▶ **PROBLEM TO WORK ON**:
For the records below, output every line from the one holding "Chanel Metallic Aged" through the final line, unaltered, and no other lines.

Short web captions
--- START ---
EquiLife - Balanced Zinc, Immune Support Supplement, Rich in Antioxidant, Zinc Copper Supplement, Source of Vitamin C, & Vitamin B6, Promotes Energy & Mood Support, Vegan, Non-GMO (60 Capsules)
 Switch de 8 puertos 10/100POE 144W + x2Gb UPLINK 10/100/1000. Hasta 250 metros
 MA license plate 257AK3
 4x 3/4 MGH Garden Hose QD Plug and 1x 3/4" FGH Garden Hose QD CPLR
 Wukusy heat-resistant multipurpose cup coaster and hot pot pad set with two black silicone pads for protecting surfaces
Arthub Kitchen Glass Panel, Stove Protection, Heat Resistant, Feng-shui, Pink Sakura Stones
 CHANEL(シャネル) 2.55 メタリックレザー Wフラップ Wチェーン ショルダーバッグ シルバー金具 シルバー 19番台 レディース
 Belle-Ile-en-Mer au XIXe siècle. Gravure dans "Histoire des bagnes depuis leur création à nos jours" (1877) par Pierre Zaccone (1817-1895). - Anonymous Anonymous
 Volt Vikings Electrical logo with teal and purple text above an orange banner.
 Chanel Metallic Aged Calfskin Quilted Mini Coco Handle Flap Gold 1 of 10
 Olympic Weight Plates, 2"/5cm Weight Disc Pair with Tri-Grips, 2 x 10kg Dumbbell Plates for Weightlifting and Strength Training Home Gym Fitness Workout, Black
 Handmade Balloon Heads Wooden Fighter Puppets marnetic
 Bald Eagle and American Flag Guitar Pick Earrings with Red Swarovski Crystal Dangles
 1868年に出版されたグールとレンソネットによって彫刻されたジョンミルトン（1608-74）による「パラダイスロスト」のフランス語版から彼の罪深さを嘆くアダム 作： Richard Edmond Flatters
--- END ---
▶ **TASK ANSWER**:
 Chanel Metallic Aged Calfskin Quilted Mini Coco Handle Flap Gold 1 of 10
 Olympic Weight Plates, 2"/5cm Weight Disc Pair with Tri-Grips, 2 x 10kg Dumbbell Plates for Weightlifting and Strength Training Home Gym Fitness Workout, Black
 Handmade Balloon Heads Wooden Fighter Puppets marnetic
 Bald Eagle and American Flag Guitar Pick Earrings with Red Swarovski Crystal Dangles
 1868年に出版されたグールとレンソネットによって彫刻されたジョンミルトン（1608-74）による「パラダイスロスト」のフランス語版から彼の罪深さを嘆くアダム 作： Richard Edmond Flatters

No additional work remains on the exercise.